Welcome to a world where no one discusses Munchausen syndrome. The gals of the Real Housewives of New York are back. We’re down one shapewear creator (Heather) but we’re up one Asian Jewish lady (Jules). I for one am just happy to be in a Housewives world where there is actual conflict and awkward conversations about dry cleaning.
So we open with last year’s rookie Dorinda back for a second season and visiting Bethenny’s new apartment. I remember Bethenny’s apartment being one big Skinnygirl branding opportunity (a lot of red and white), but I think it’s been scaled back. It’s a really amazing apartment. Dorinda claims she’s taken a break from drinking (DON’T YOU NOTICE HER BEAUTIFUL SKIN?!?!?!) but Bethenny calls B.S.—she saw Dorinda do-rinking in the Hamptons. This is like the Housewives equivalent of I Know What You Did Last Summer a.k.a. I Know What Martinis You Did Last Summer. Bethenny updates us that Carole is very much in love and basically in hiding with her young man friend, Adam. Oh and Dorinda says she wants to bring a new friend to lunch (and into the television program): a lady named Jules. She’s apparently quite sunny, which will naturally not last with this group.
Carole now has a baby. Well she has a puppy named Baby. GOTCHA. But she and Adam seem really happy and do cute couple things like wearing ripped jeans and buying cameras together.
On the opposite end of the spectrum is Ramona who’s single aside from a big new pair of boobs. She’s hitting up bars with her lady friends and mispronouncing the wait staff’s names. Basically, she’s YOLO-ing or whatever the YOLO equivalent is on the Upper East Side. And she’s super psyched that Avery is 21 so she can come to the bars with her. But Avery is not real into men buying her mother drinks or watching her mother flirting. Well, Avery, you better buckle up.

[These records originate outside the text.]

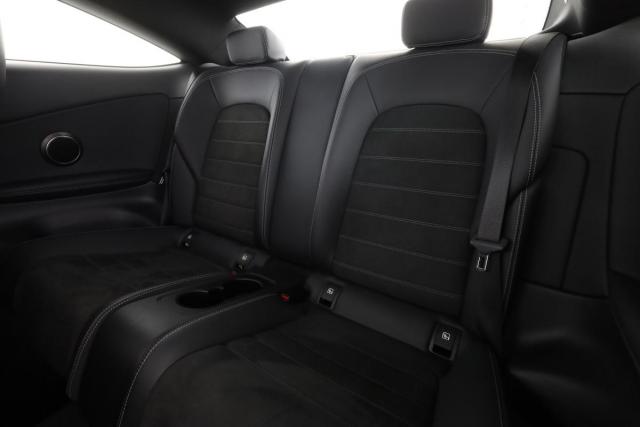 Mercedes Benz Classe C Coupe image 4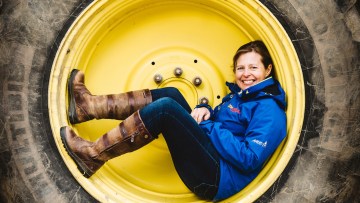 Γράφει Jane Craigie, Agriculturalist & Journalist Founder of Jane Craigie Marketing
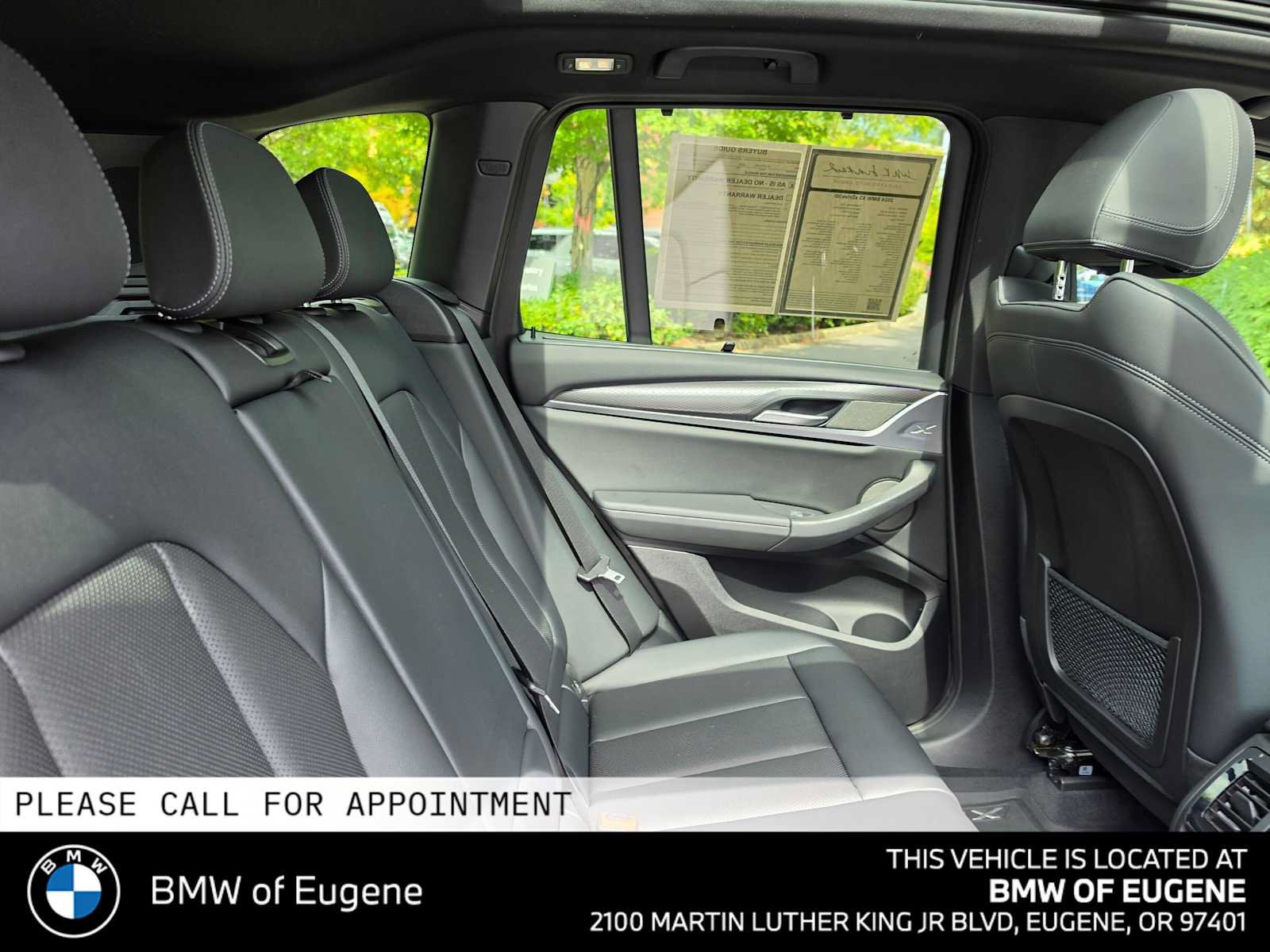 Used 2024 BMW X3 xDrive30i w/ Premium Package AWD/4WD image 15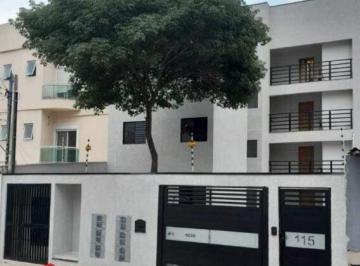 Apartamento · 82m² · 2 Quartos · 1 Vaga · Cobertura à venda 2 quartos 1 vaga Príncipe de Gales - Santo André - SP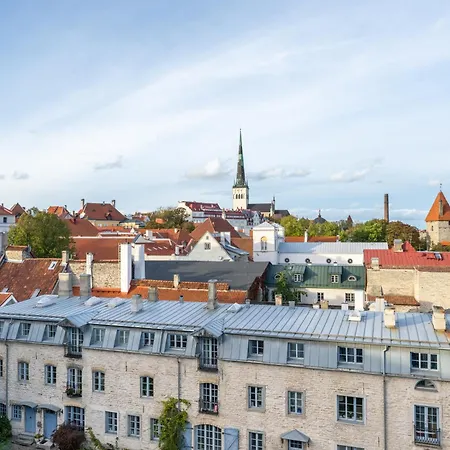 Rixwell Viru Square 酒店 3*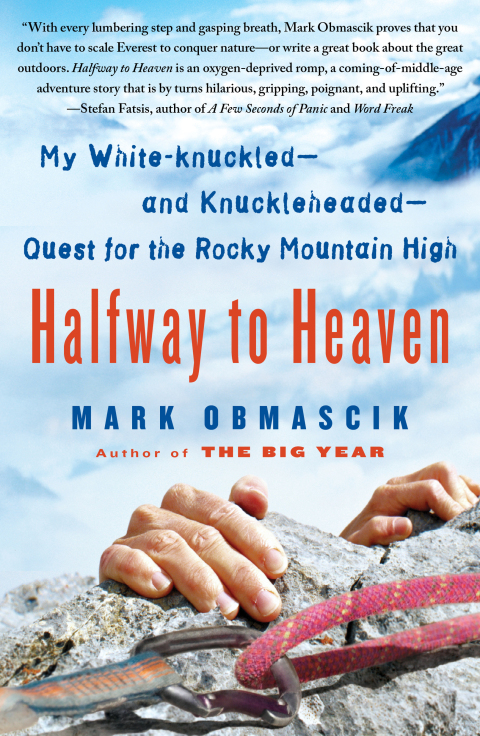 Cover image for book Halfway to Heaven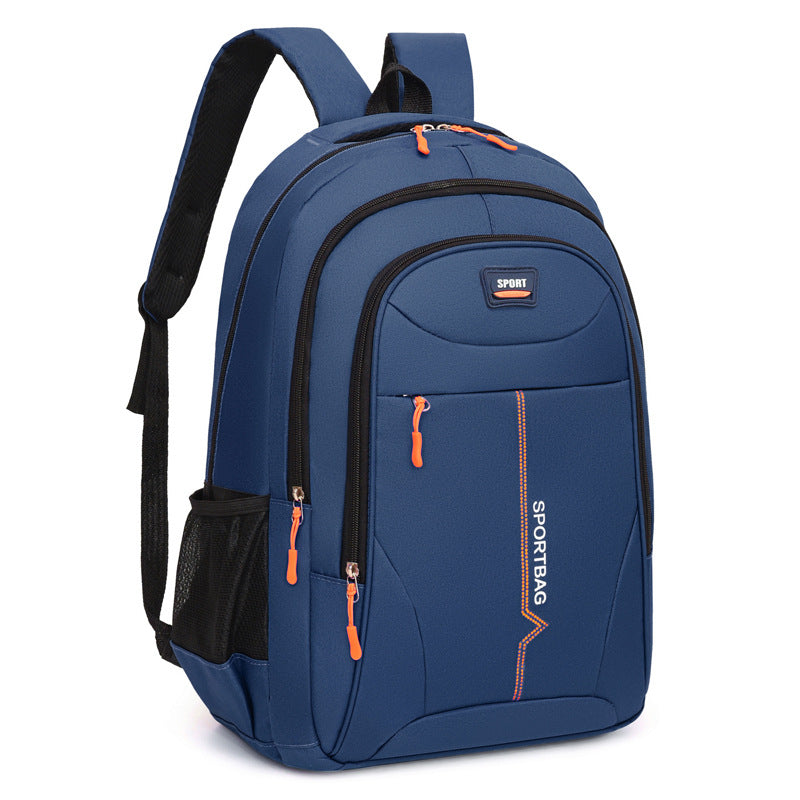 Sporty Multi-Functional Backpack Stornfield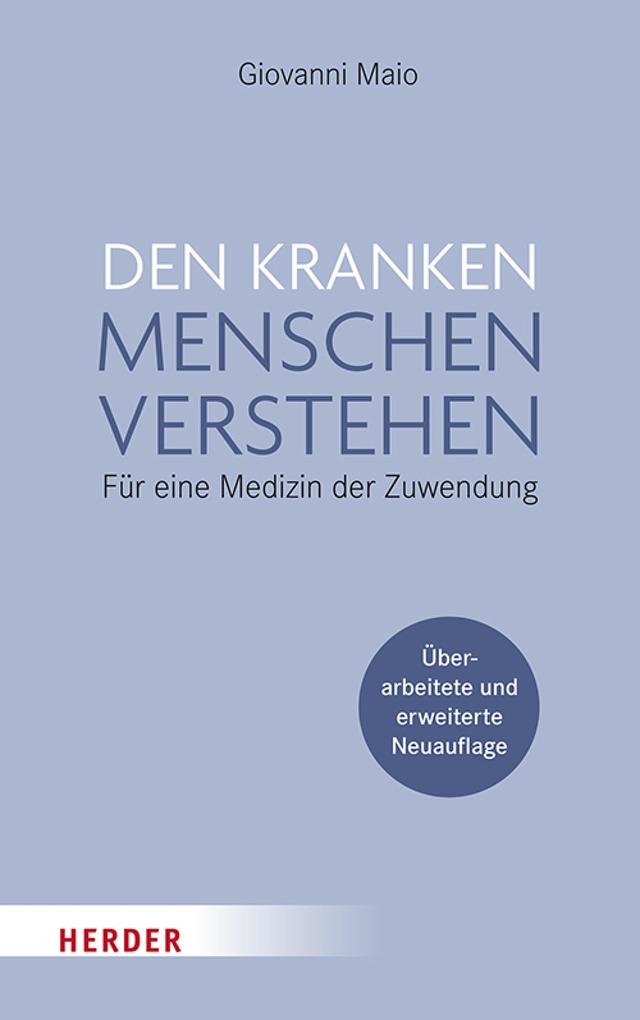 Produktbild: Den kranken Menschen verstehen | Giovanni Maio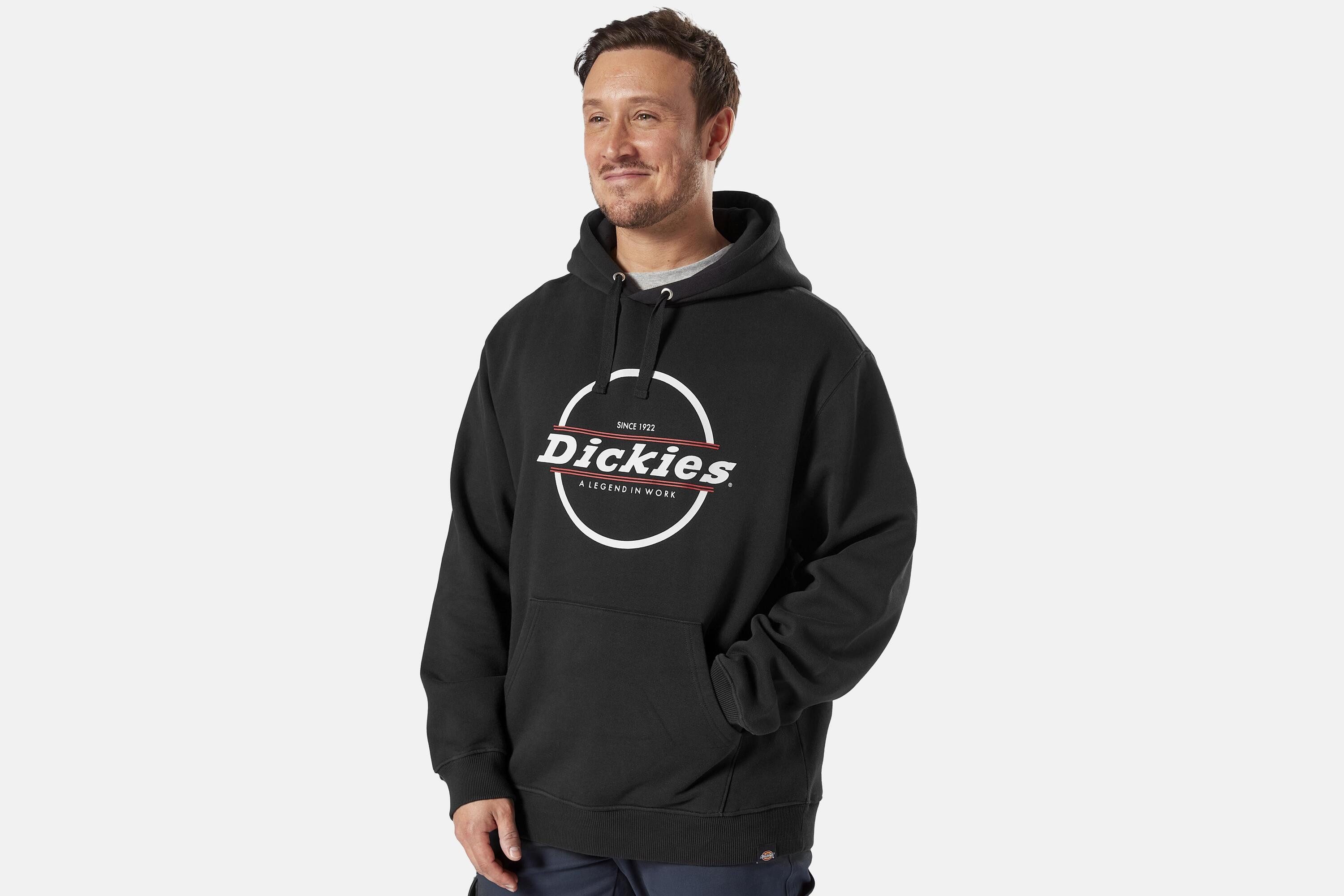 Dickies Kapuzensweatshirt Dickies Workwear Sweatshirt TOWSON GRAPH HOODIE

Meanwhile, Sonja has a new intern named Juliona, which I’m pretty sure is a made up name. Also — WHERE IS PICKLES? Sonja’s upstairs painting furniture when Luann stops by to announce she’s going to stay the night there. It seems that Luann has a date and wants a place to crash. But Sonja is not cool with her bringing back a date to the house. This isn’t Turks and Caicos, Countess! Somehow the conversation turns to Luann being part Native American and having more teeth than the average person. This appalls Sonja because it really impacts Luann’s oral sex life. Then, we get a nice confessional where Sonja explains how one performs oral sex. What a time to be alive.